The modern progressive sees their entire existence emanating from the original sin of consumption. This philosophy finds its expression in the sentiment that he who is most moral impacts the world least, and he who is most evil impacts the world most. This Giaism is unnatural. What animal softens the step of its foot? The bear puts its foot down strongly and leaves a great print. Indeed, man’s foot is now too large to go carelessly stomping about the Earth. But shrinking our foot has the consequence of decaying our body and souls. Best instead to use one’s powers to increase the earth. Modern man sees this ability within his grasp. With the unlimited energy that is promised in the technology of nuclear, solar, and wind energy, man could once again build temples instead of warehouses for his living. With unlimited energy man could plant two trees for every one he cuts. He could desalinate the oceans and revive endangered species and long dormant ecosystems. But instead, in boomer land, he shrinks himself and he builds space barns. East Austin is not home to the dynamic man of our age. East Austin is home of the technoman—transhumanist, the dying man, conservaman, the last man. A shrinking, diminishing, far smaller than his father man. The backwards trajectory of man. 

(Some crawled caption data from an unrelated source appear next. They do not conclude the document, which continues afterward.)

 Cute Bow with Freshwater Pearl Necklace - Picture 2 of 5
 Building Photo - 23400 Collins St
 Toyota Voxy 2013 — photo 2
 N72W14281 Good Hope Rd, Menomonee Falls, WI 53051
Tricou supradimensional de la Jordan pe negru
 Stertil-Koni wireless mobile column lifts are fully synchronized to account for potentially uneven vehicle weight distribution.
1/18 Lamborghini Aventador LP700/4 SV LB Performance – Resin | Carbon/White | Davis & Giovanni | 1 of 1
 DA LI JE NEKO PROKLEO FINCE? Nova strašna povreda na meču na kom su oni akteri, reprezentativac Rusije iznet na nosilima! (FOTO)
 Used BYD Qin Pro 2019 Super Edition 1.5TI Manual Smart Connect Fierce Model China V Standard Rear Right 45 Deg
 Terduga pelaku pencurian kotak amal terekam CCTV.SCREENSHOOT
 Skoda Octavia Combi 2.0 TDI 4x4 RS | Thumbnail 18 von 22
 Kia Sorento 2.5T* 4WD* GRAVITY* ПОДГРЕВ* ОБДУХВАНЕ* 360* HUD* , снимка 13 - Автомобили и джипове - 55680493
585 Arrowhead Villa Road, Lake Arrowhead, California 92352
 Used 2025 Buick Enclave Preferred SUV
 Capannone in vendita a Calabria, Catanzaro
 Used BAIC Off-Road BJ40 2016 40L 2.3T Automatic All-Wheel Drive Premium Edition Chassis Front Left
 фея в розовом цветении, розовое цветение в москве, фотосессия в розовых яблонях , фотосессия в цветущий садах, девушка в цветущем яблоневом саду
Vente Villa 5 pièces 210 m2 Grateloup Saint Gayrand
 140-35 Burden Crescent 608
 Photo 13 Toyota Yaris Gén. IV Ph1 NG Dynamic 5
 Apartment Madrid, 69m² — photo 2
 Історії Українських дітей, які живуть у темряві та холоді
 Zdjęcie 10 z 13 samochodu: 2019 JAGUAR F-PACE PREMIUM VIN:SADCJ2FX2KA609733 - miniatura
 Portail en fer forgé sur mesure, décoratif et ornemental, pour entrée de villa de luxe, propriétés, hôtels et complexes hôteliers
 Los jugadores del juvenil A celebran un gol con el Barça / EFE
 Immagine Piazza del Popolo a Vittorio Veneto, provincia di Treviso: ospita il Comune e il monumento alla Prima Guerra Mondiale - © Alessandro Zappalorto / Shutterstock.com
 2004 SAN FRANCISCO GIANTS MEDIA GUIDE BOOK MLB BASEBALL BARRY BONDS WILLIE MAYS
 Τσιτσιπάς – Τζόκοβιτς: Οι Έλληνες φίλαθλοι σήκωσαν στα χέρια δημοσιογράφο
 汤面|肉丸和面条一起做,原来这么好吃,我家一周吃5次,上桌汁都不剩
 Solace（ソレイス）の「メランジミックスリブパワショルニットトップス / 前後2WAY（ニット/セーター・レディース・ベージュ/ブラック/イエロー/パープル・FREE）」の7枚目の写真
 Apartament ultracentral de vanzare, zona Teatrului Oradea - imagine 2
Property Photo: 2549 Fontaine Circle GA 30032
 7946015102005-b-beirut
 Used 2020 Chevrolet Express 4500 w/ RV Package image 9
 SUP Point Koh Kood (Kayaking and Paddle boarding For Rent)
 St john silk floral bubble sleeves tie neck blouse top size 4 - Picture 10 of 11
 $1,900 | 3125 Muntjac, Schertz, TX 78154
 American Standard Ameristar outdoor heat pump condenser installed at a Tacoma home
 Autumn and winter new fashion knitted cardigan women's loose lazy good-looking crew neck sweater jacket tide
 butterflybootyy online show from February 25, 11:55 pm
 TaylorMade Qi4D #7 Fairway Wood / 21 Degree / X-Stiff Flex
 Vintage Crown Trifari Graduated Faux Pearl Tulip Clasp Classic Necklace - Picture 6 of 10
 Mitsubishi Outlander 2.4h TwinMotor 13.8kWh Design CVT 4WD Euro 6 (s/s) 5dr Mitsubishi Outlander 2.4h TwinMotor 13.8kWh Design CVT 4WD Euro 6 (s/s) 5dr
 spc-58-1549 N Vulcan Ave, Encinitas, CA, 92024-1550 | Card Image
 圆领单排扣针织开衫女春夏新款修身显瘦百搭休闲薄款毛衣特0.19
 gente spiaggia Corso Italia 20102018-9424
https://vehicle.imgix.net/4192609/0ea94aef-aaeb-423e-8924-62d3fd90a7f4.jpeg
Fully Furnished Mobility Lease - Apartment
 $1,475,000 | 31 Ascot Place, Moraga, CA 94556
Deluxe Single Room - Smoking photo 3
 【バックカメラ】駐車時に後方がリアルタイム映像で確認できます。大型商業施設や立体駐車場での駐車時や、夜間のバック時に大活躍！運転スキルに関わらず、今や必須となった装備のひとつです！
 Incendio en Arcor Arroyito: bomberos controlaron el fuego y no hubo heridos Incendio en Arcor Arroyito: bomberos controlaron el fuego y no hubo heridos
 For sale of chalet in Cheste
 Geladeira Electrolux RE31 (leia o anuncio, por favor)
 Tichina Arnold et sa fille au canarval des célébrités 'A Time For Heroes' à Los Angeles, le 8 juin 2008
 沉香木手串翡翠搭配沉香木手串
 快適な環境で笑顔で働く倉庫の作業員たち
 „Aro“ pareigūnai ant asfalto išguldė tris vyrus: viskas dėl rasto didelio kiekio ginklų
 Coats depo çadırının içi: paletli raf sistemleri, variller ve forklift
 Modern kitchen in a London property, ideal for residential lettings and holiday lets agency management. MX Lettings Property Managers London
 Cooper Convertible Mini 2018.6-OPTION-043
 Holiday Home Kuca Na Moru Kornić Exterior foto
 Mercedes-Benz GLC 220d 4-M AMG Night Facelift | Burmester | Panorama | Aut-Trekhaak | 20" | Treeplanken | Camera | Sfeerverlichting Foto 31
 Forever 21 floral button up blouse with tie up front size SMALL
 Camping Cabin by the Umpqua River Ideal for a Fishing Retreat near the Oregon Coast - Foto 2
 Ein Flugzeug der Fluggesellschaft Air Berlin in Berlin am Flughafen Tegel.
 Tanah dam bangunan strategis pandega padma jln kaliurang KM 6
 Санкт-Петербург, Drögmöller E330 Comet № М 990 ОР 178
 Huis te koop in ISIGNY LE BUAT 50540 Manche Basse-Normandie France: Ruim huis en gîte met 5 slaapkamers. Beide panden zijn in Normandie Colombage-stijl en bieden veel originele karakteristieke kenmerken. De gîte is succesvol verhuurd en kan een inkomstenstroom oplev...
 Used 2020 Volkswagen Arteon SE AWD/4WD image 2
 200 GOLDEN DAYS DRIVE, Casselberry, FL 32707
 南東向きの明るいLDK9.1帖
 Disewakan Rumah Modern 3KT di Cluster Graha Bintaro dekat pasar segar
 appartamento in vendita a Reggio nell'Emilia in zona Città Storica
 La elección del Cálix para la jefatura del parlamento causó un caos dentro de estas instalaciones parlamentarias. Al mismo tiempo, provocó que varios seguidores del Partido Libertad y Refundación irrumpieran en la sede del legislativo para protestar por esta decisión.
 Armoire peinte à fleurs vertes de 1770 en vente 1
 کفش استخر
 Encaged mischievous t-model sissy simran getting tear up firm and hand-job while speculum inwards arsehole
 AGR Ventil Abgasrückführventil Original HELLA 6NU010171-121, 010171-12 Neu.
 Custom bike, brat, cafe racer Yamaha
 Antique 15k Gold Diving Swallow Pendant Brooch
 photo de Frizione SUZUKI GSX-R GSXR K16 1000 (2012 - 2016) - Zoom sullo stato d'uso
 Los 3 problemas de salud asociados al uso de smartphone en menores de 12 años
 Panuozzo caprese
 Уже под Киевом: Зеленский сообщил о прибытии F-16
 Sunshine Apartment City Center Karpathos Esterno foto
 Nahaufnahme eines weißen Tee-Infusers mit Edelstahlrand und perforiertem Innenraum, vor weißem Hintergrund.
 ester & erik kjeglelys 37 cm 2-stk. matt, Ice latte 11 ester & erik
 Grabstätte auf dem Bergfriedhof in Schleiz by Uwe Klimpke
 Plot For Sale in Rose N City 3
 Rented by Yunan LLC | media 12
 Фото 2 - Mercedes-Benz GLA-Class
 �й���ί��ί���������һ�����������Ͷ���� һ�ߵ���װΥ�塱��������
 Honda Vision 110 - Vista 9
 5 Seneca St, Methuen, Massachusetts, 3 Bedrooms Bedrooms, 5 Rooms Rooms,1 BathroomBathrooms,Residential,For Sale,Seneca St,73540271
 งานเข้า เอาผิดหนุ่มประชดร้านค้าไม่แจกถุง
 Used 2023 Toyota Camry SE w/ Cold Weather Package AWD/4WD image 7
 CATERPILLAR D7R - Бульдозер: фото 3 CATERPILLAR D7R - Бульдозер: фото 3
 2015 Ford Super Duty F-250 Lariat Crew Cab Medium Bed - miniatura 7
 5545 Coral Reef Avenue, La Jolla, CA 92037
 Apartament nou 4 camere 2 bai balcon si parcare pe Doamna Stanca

These buildings, in contrast to the old homes of Austin, say nothing of who built them. Only that those who built them were trying to be ghostlike. These buildings could only be built far from the hurricane coast, for they would be blown away by the slightest of meteorological disturbances. If people adopted this fearful conservative attitude to their physical health, they would wither and die. Such is the reality of the modern conservationist movement. Instead of focusing on creating new energy, it focuses on reducing consumption of fossil fuels. This reductionist philosophy will destroy the hope and souls of the youth. Its implication is that their very existence is problematic. Not to mention, the economic destruction it will bring will destabilize the political system, thus hindering future advancement. 

Space Barn is the logical conclusion of secularism. It is the desire for cold logic made manifest in physical structure. In secularism, there is no reason for ornateness, no uniqueness, no desire for permanence, no desire for land or life, no cultural significance, nothing. It is a cold interchangeable structure. Easily built, easily modified, easily destroyed. This is the preferred domicile of locusts. The ideal building style of globalism. 

I’m on 17th St. and Singleton. I pass a new build with Corinthian columns. An aberration in this land. It’s in the process of construction but no one is working on the lot today except a man who’s sweeping the unfinished wrap around a farm style porch. I call out to him with the hopes of getting the name of the builder. Sadly, no hablo ingles. We cannot communicate. I move on. 

There’s another observation which leads me to believe that these new homes are imbued with this inter-soullessness, which is that they come in a small variety of sterile colors—white, black and grey. You’ll scarcely see those gay colors of old Austin. The east is sort of the New Austin—what they call the gentrified area. It was once the impoverished area of the city, and when the boom began and in came the flood of the professional managerial class, they bought up relatively cheap real estate within biking distance of downtown and they sought to demolish the dank wooden structures to put up their cultureless, resalable modernism. 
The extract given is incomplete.